Muhalefeti yanına alarak ulusal birlik hükümeti açılımının da etkisiyle Netanyahu’nun bu savaşı avantaja çevireceği yorumları pek de gerçeği yansıtmıyor. Her cenahtan “Bibi gitsin” sesleri geliyor, “Crime Minister” pankartları açılıyor. Kayıpların cenaze törenlerinde topyekün hükümete yönelik “Siz İsrail’e ihanet ettiniz” çığlıkları yükseliyor. Jerusalem Post’un anketine göre halkın yüzde 80’i Hamas saldırısından hükümeti sorumlu tutuyor. Savunma Bakanı Yoav Gallant, başbakandan sonra kabinenin en hedefteki adamı.
İç istihbarat servisi Şin Bet’in Başkanı Ronen Bar dün, sürpriz saldırı için yeterli uyarıyı yapamadıklarını söyleyerek sorumluluk üstlenmeye çalıştı, “Savaş sonrası soruşturmaya hazırım” mesajı da verdi ama hükümete yönelik öfkeyi ne kadar dindirir, çünkü Bibi’nin başka kusurları da var.
Çok fazla ortalıkta görünmeyen Netanyahu ara sıra kameralar önünde Hamas’ı bitirme tiradları atmakla yetiniyor, ağzından tek bir sıcak söz çıkmıyor, ölenler ve rehineler için duygudaşlık göstermiyor. Oysa ABD Başkanı Biden, Gazze’de rehin tutulanların aileleriyle iki saat geçiriyor. İsrail’in başbakanı ise ne ölenlerin ne de kaçırılan vatandaşların aileleriyle görüşüyor.
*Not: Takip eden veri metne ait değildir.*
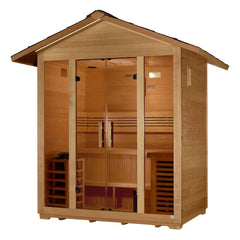 Golden Designs "Vorarlberg" 5 Person Traditional Outdoor Sauna Canadian Hemlock - GDI-8105-01 - The Home Selection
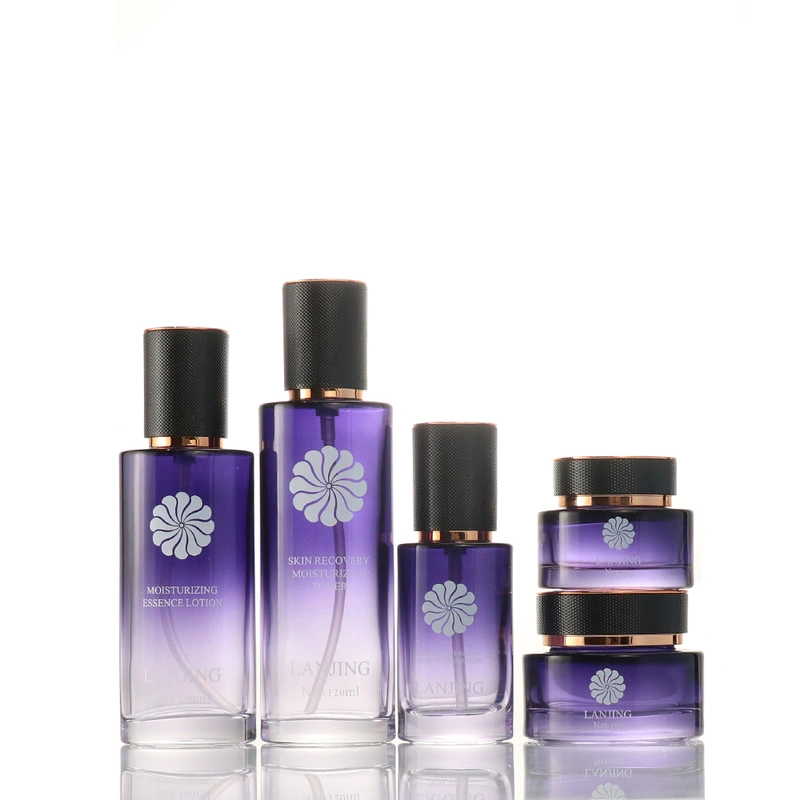 glass pump bottle  oil bottles for hair skin care packaging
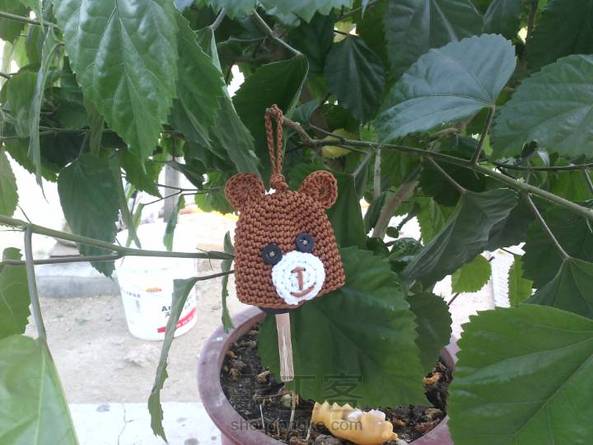 我的小熊眼睛缝歪了！这针线是硬伤啊。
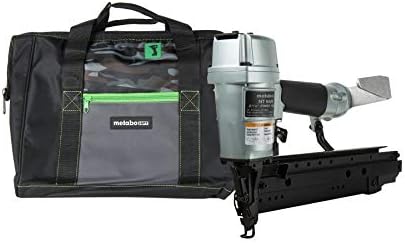 Nailer Metabo HPT Pro Finish, 16-мерач, пневматски, прифаќа 1-1/2-инчен до 2-1/2-инчен директен финиш нокти, списание со високо одделение алуминиум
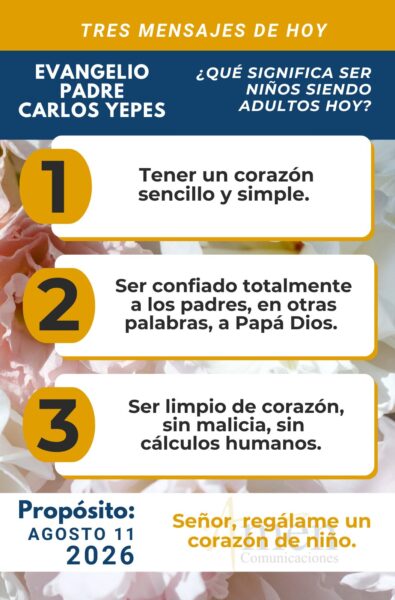 Evangelio de hoy - resumen - 11 de agosto 2026 - amen comunicaciones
Bakanların kayıp yakınlarını ve hastanelerdeki yaralı ziyaretlerini gösteren videolar dolaşıyor sosyal medyada, hepsinde reaksiyon hakim. Ekonomi Bakanı Nir Barkat, Tel Aviv’deki bir hastanede; ailesinden üç kişi ölü ya da kayıp olan adam “Siz bu ülkeyi batırdınız, kurumlarını yok ettiniz” diye bağırıyor. Ortodoks kanattan Çevre Bakanı İdit Silman da yine bir hastane önünden “defol” sözleriyle kovuluyor. Rehinelerden çifte vatandaş olanların aileleri Macron veya Biden’dan yardım istiyor. Netanyahu hükümetinden kimsenin bir şey beklediği yok.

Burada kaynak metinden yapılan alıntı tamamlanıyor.